● TRY IT
Output only the lines below from the one holding "2017 TOYOTA RAV4 XLE - 2T3WFREV8HW352767" down to the one holding "T-shirt Alphonse Mucha", both end lines included and every picture dropped.

● EXERCISE MATERIAL

-- Opening Marker --

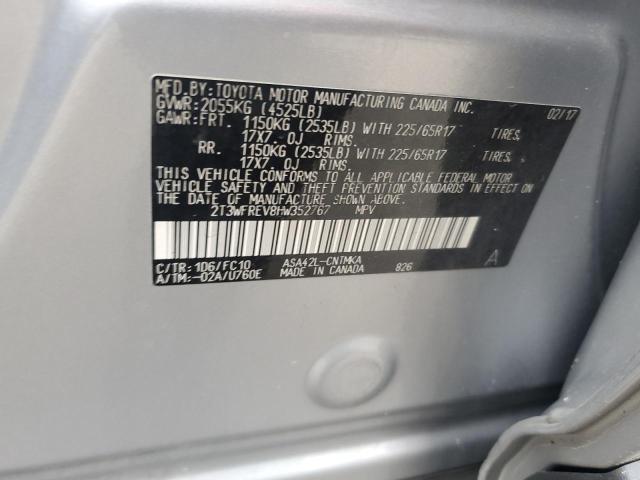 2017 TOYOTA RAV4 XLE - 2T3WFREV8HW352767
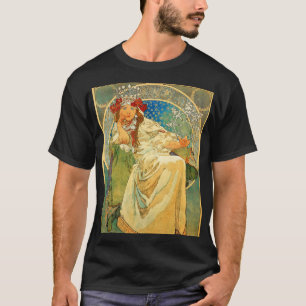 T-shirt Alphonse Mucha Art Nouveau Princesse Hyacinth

-- Closing Marker --
-- Opening Marker --

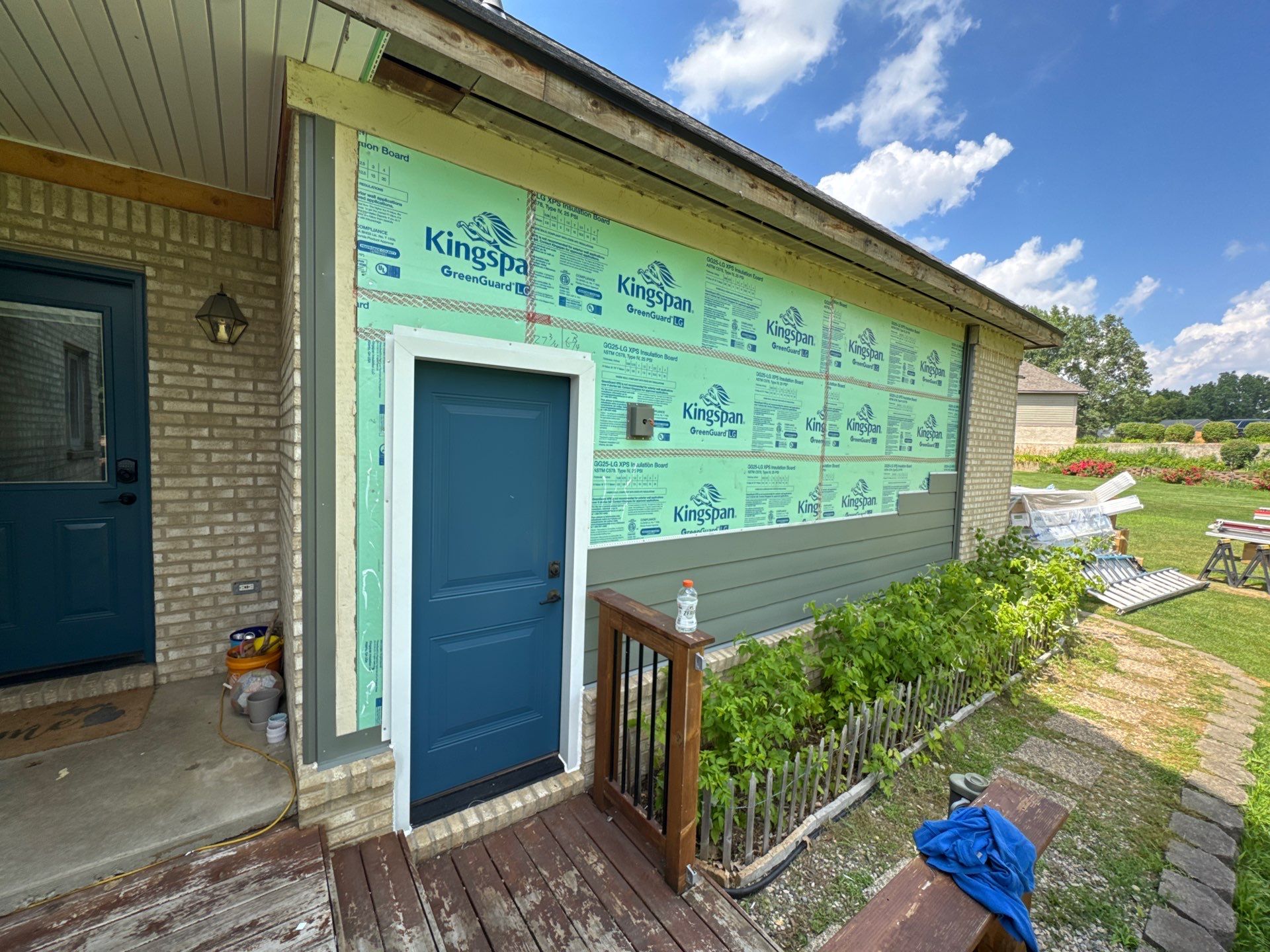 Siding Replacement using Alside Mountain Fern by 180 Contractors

-- Closing Marker --
-- Opening Marker --

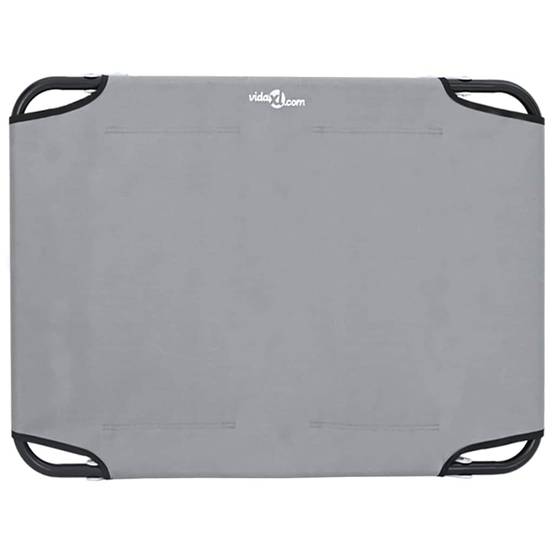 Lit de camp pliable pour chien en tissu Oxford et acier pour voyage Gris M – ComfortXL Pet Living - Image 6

-- Closing Marker --

● EXPECTED OUTPUT
 2017 TOYOTA RAV4 XLE - 2T3WFREV8HW352767
 T-shirt Alphonse Mucha Art Nouveau Princesse Hyacinth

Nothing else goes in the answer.